[Scraped caption text data]
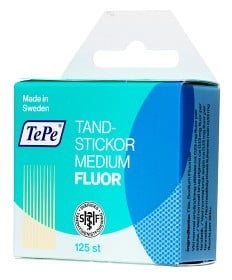 Bild på TePe Tandstickor Medium Fluor 125 st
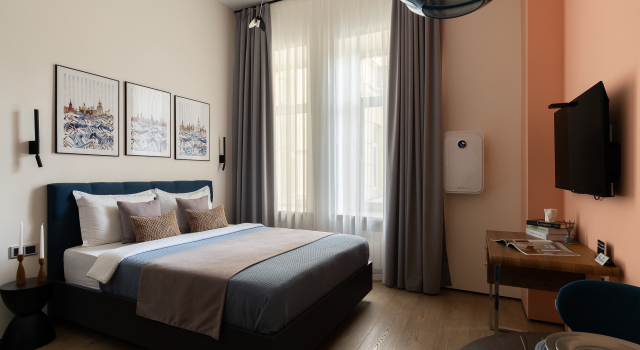 Na Kuznetskom mostu Blue Apartments, Prenota Appartamento CAO Area Mosca, vicino a Centro Commerciale Tsentral'nyy Detskiy Magazin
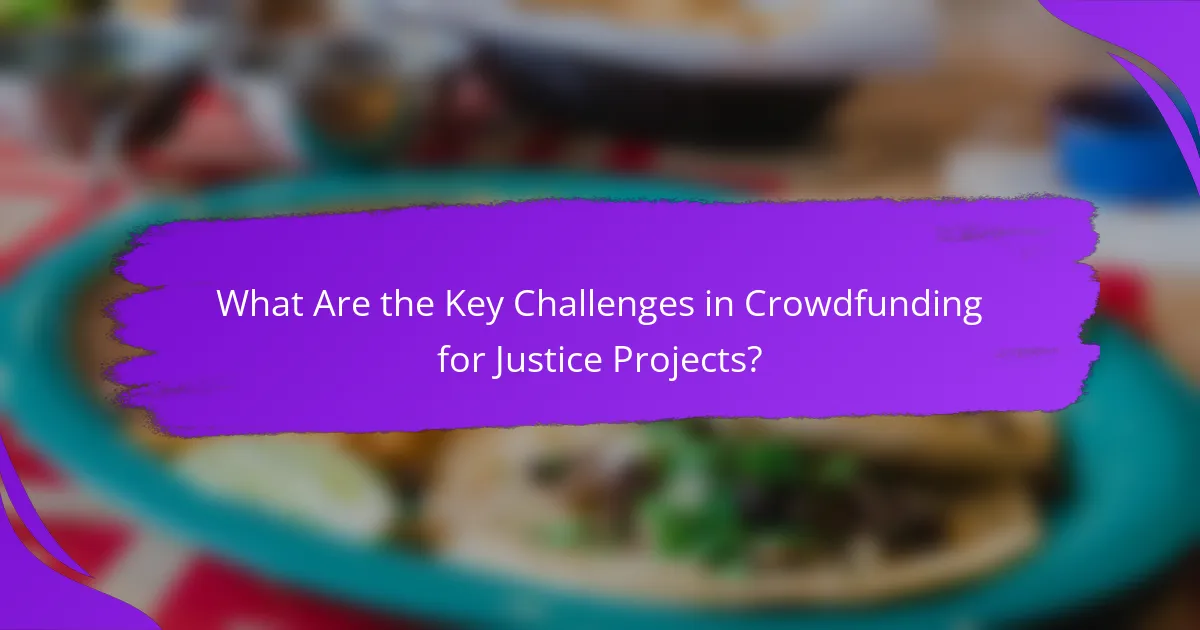 What Are the Key Challenges in Crowdfunding for Justice Projects?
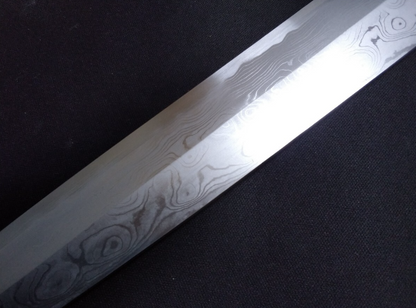 Wihte Steel #2 Damascus Yanagiba(Kiritsuke) 300mm- Mirror Polished Blur Finish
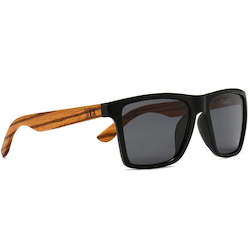 DALTON l Black Frame l Black Polarize Lens l Walnut Arms l  wholesale- (No gst) RRP $85.99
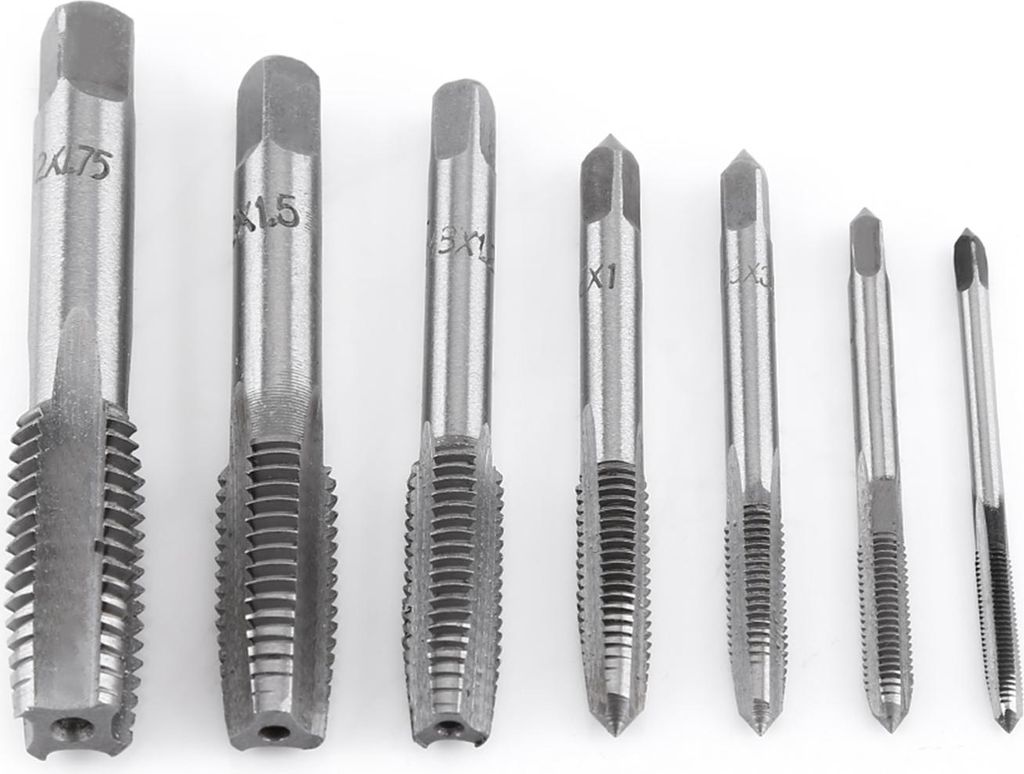 Verstellbarer Gewindebohrer-Schlüsselsatz mit metrischem Gewinde M3/4/5/6/8/10/12 Gewindebohrern
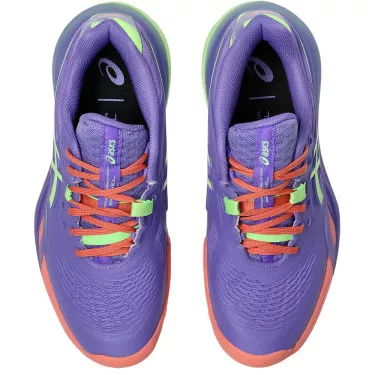 Asics Gel Resolution X Padelschuhe Damen Violett / Gr&uuml;n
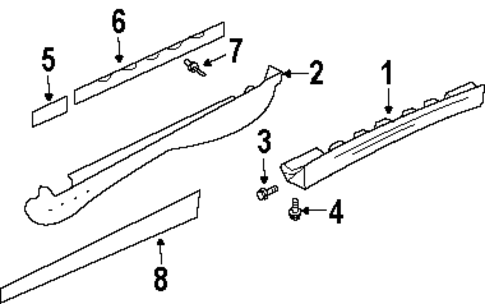 Firebird EXTERIOR TRIM - PILLARS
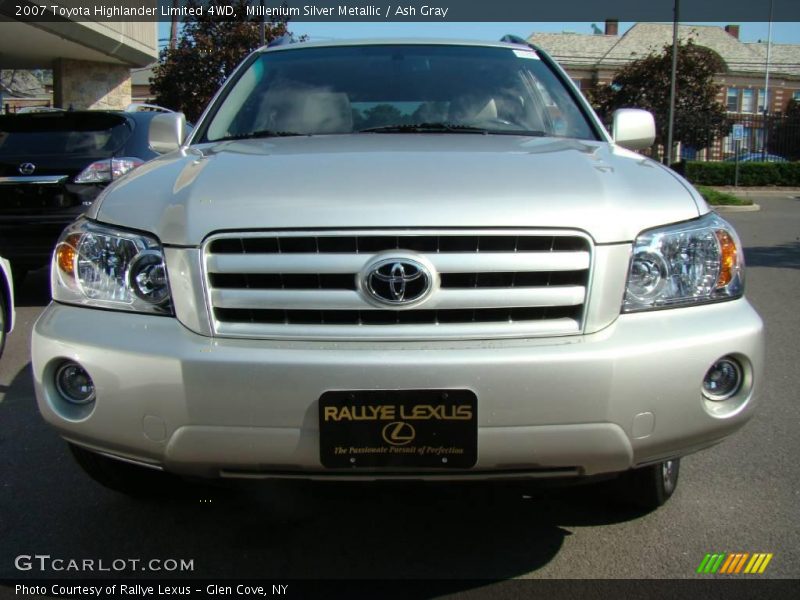 Millenium Silver Metallic / Ash Gray 2007 Toyota Highlander Limited 4WD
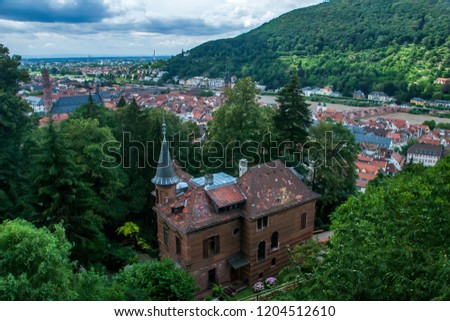Heidelberg, Germany photographed in Heidelberg, Germany. Picture made in 2009.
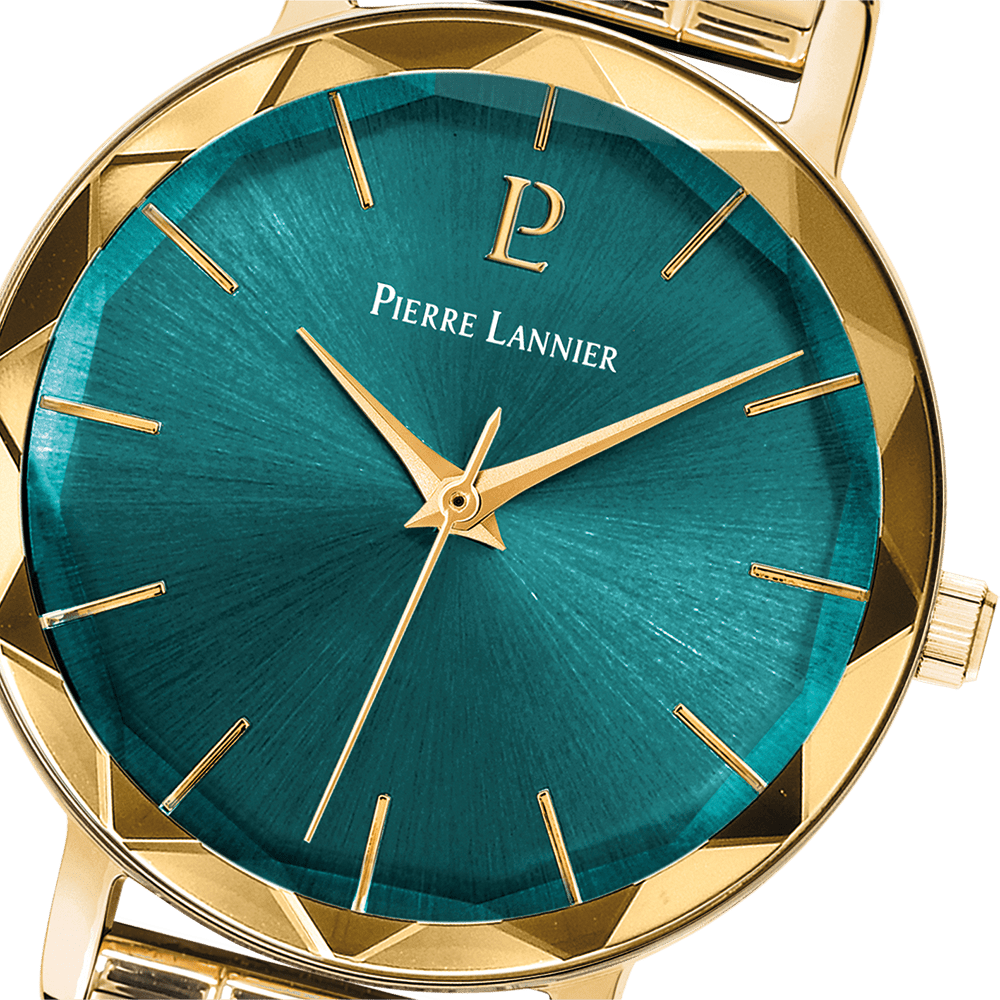 Montre Pierre Lannier Femme MULTIPLES Dorée Vert - Pierre Lannier - Bijouterie TAMARA
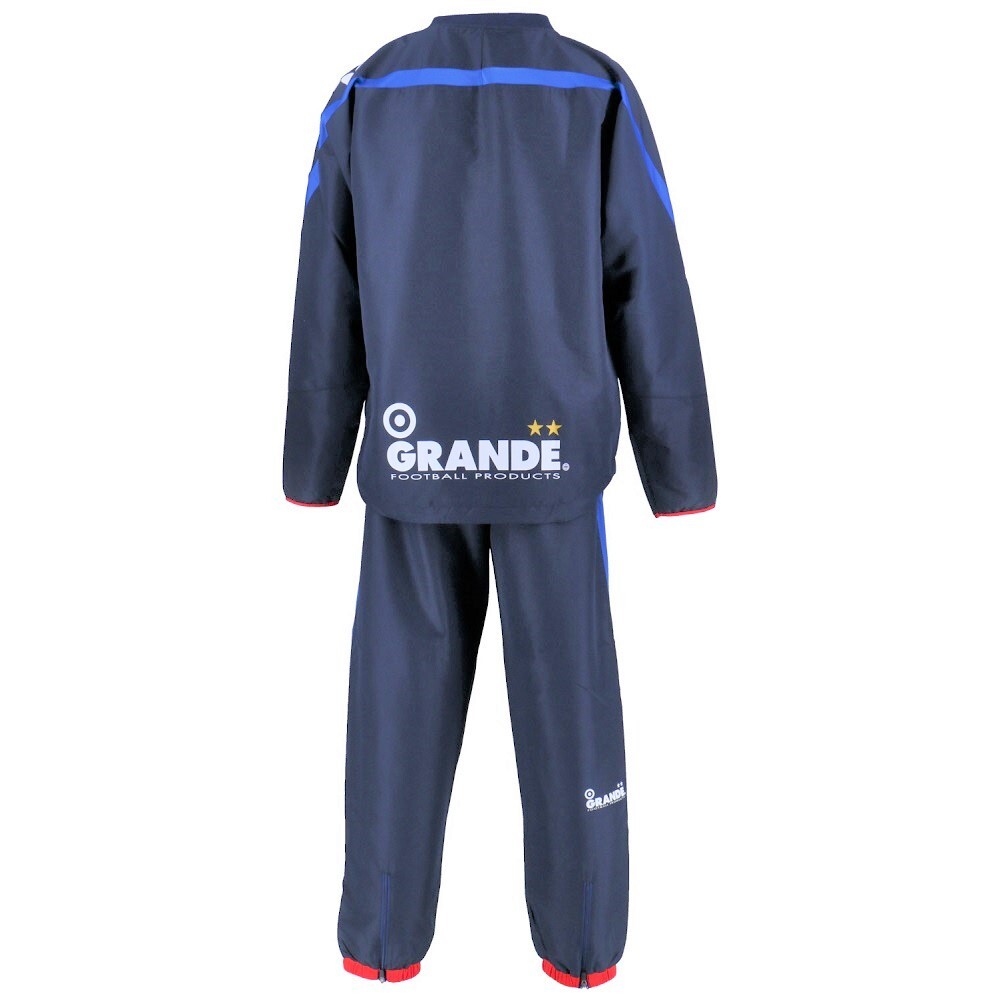 画像2: 【ジュニア】GRANDE ウインドクロス ピステセットアップ　ネイビー/ブルー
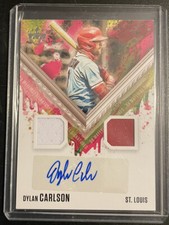2021 Panini Diamond Kings DK Material Sigs Dylan Carlson  Auto RC Cardinal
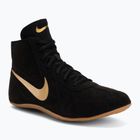 Zápasnické boty Nike Footsweep 2 black/metallic gold/gum light brown
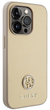 Панель Guess Strass Metal Logo для iPhone 15 Pro Gold (3666339151027) - зображення 3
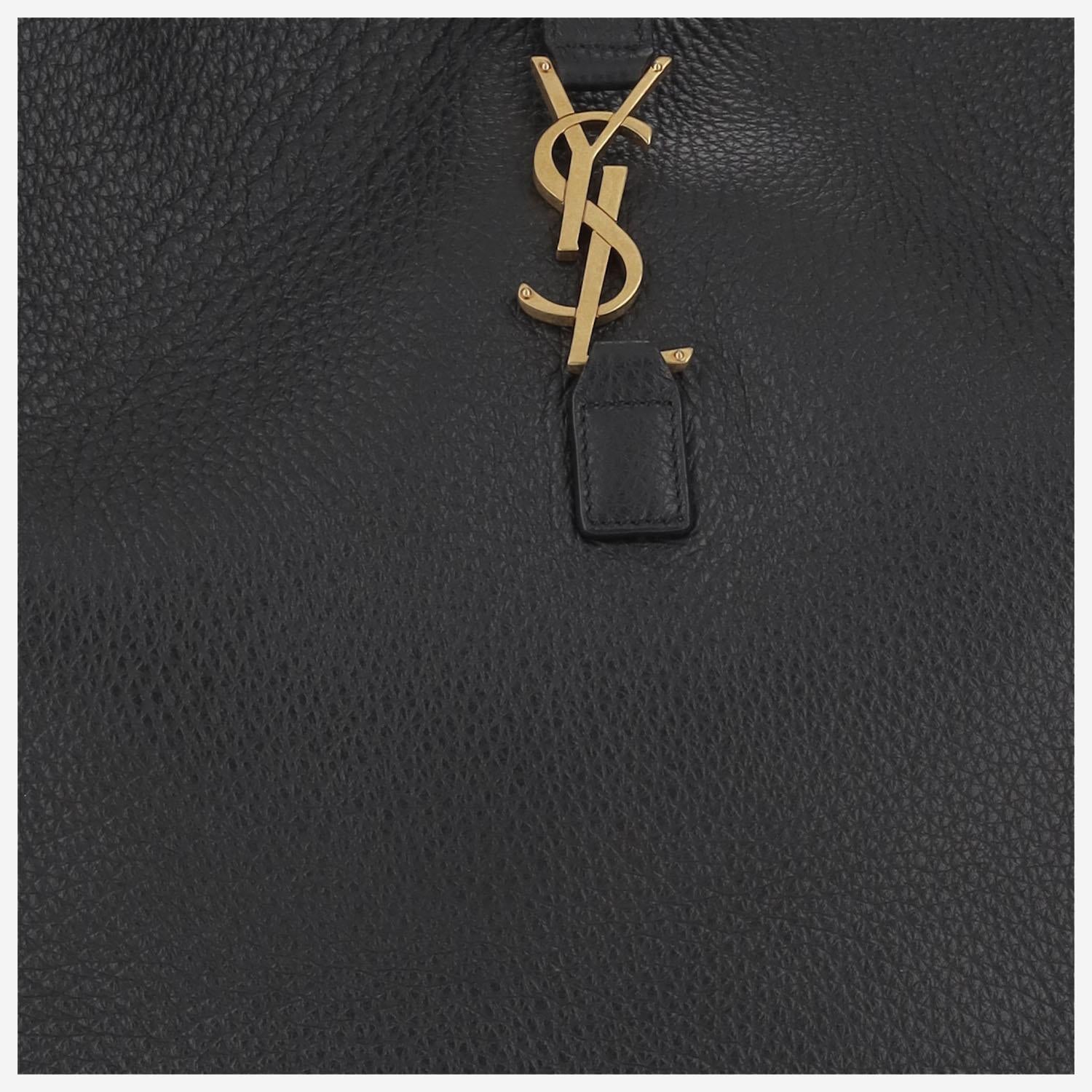 BORSA LE 5 À 7 BEA IN MORBIDA PELLE DI DAINO 763435 AADUU1000 SAINT LAURENT 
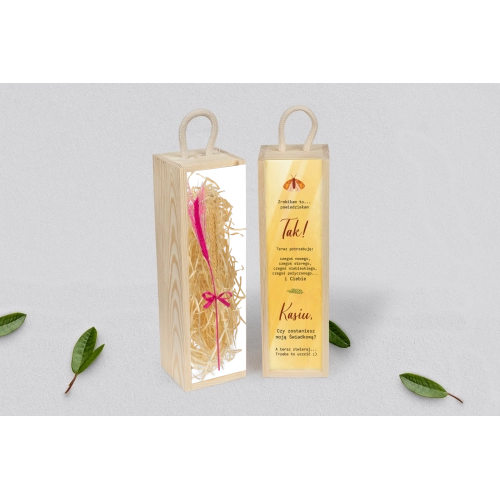 Prośba o Świadkowanie - SNW Akryl naturalna Butterflies - Motyw 3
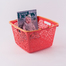 日本原产MAHALO正方形购物篮收纳篮储物筐 红色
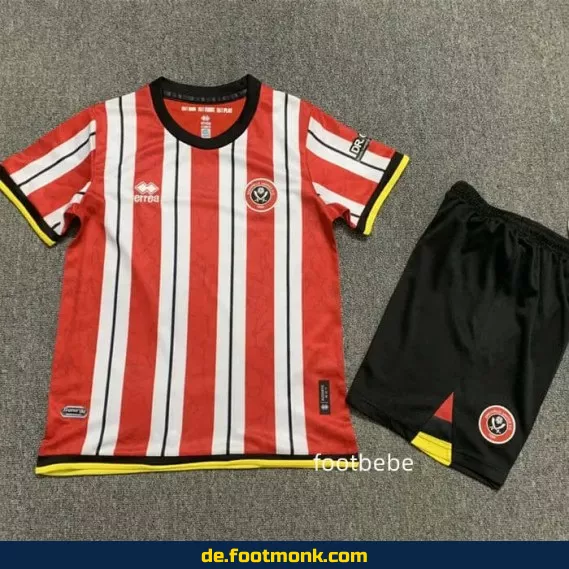 Fußballtrikot Sheffield United Kinder 2024/2025 Heim – Günstige Vereinstrikots online kaufen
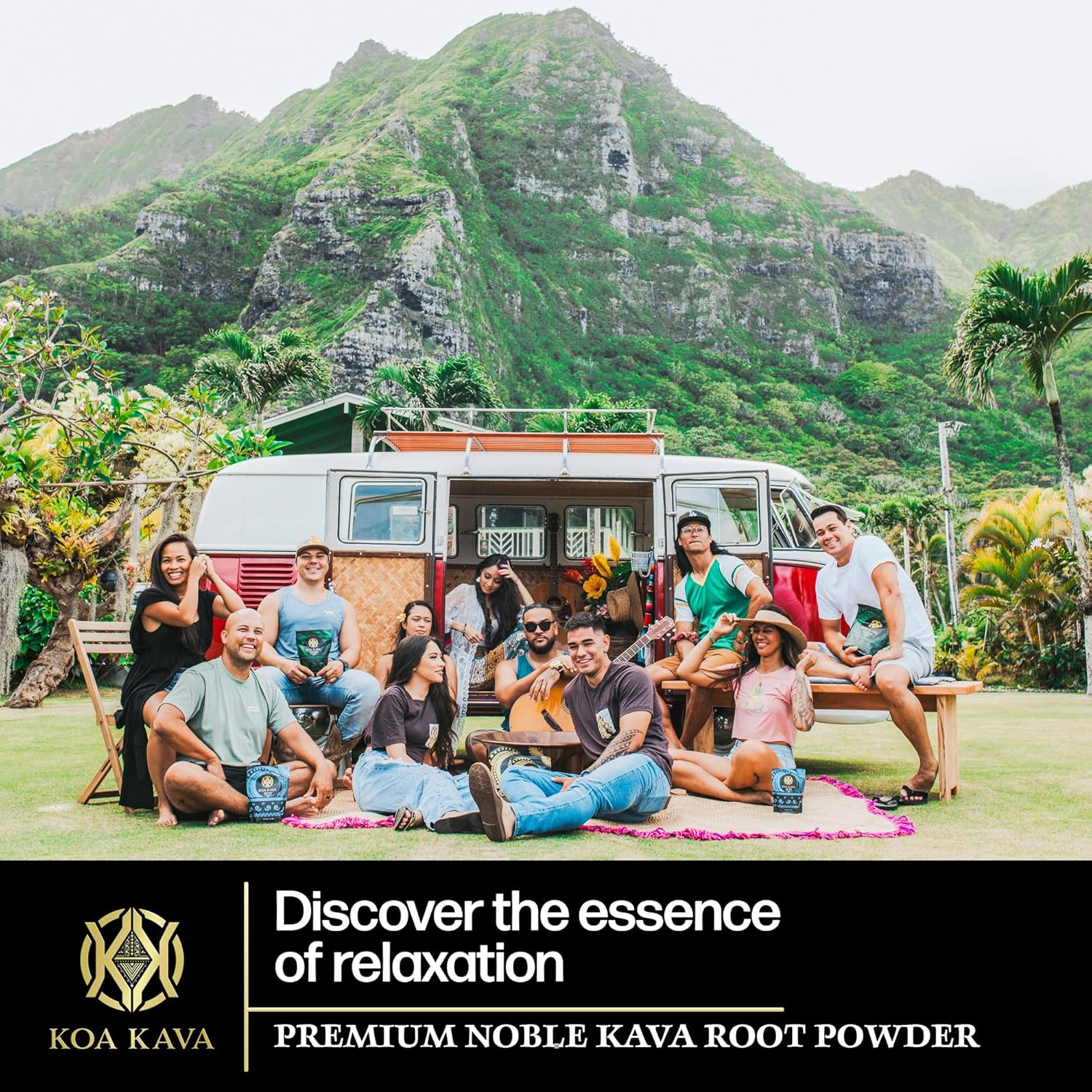 1 Pound Koa Kava Bundle from Tonga and Vanuatu - High-Quality Kava Roots for Relaxation and Stress Relief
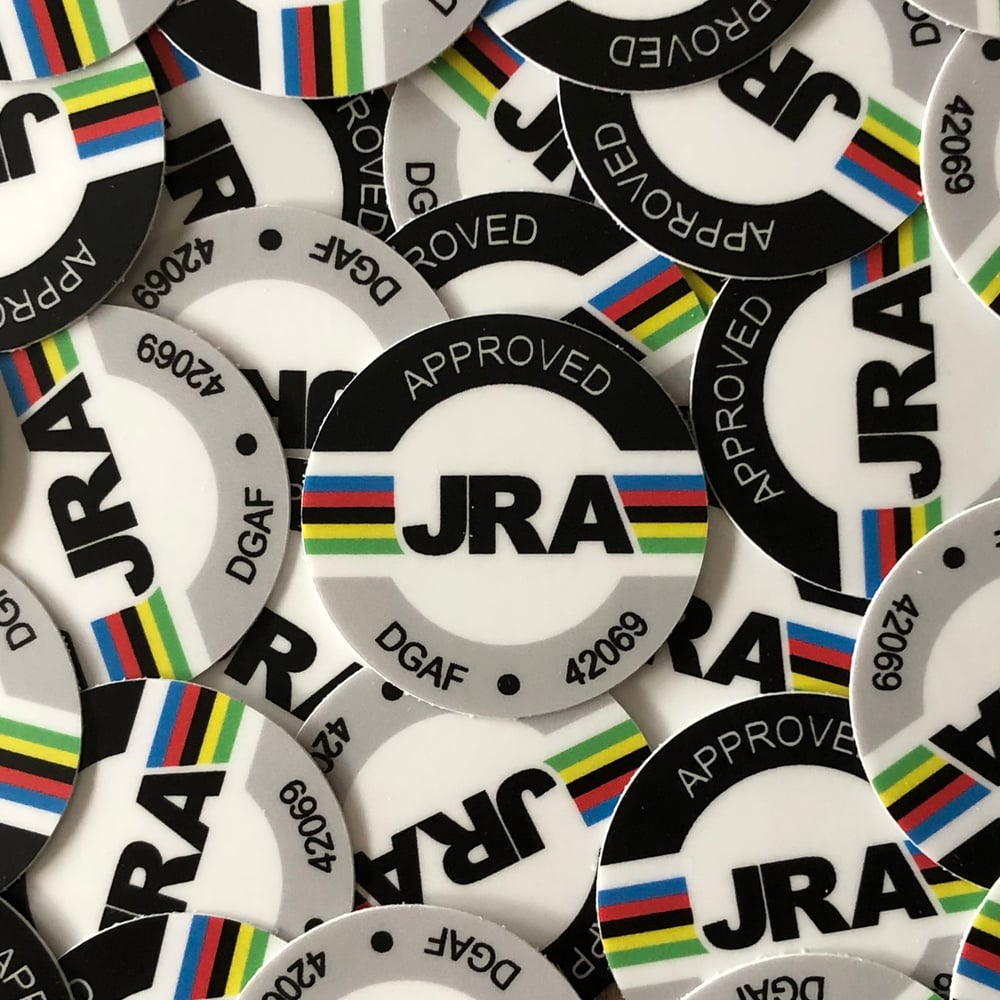 JRA Approved Stickers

● What needs to be done
Without including any picture, restate every entry above exactly.

● Exercise solution
 Bild på TePe Tandstickor Medium Fluor 125 st
 Na Kuznetskom mostu Blue Apartments, Prenota Appartamento CAO Area Mosca, vicino a Centro Commerciale Tsentral'nyy Detskiy Magazin
 What Are the Key Challenges in Crowdfunding for Justice Projects?
 Wihte Steel #2 Damascus Yanagiba(Kiritsuke) 300mm- Mirror Polished Blur Finish
 DALTON l Black Frame l Black Polarize Lens l Walnut Arms l  wholesale- (No gst) RRP $85.99
 Verstellbarer Gewindebohrer-Schlüsselsatz mit metrischem Gewinde M3/4/5/6/8/10/12 Gewindebohrern
 Asics Gel Resolution X Padelschuhe Damen Violett / Gr&uuml;n
 Firebird EXTERIOR TRIM - PILLARS
 Millenium Silver Metallic / Ash Gray 2007 Toyota Highlander Limited 4WD
Heidelberg, Germany photographed in Heidelberg, Germany. Picture made in 2009.
 Montre Pierre Lannier Femme MULTIPLES Dorée Vert - Pierre Lannier - Bijouterie TAMARA
 画像2: 【ジュニア】GRANDE ウインドクロス ピステセットアップ　ネイビー/ブルー
2021 Panini Diamond Kings DK Material Sigs Dylan Carlson  Auto RC Cardinal
 Zápasnické boty Nike Footsweep 2 black/metallic gold/gum light brown
 Панель Guess Strass Metal Logo для iPhone 15 Pro Gold (3666339151027) - зображення 3
 BORSA LE 5 À 7 BEA IN MORBIDA PELLE DI DAINO 763435 AADUU1000 SAINT LAURENT 
 Prośba o Świadkowanie - SNW Akryl naturalna Butterflies - Motyw 3
 日本原产MAHALO正方形购物篮收纳篮储物筐 红色
 Fußballtrikot Sheffield United Kinder 2024/2025 Heim – Günstige Vereinstrikots online kaufen
 1 Pound Koa Kava Bundle from Tonga and Vanuatu - High-Quality Kava Roots for Relaxation and Stress Relief
 JRA Approved Stickers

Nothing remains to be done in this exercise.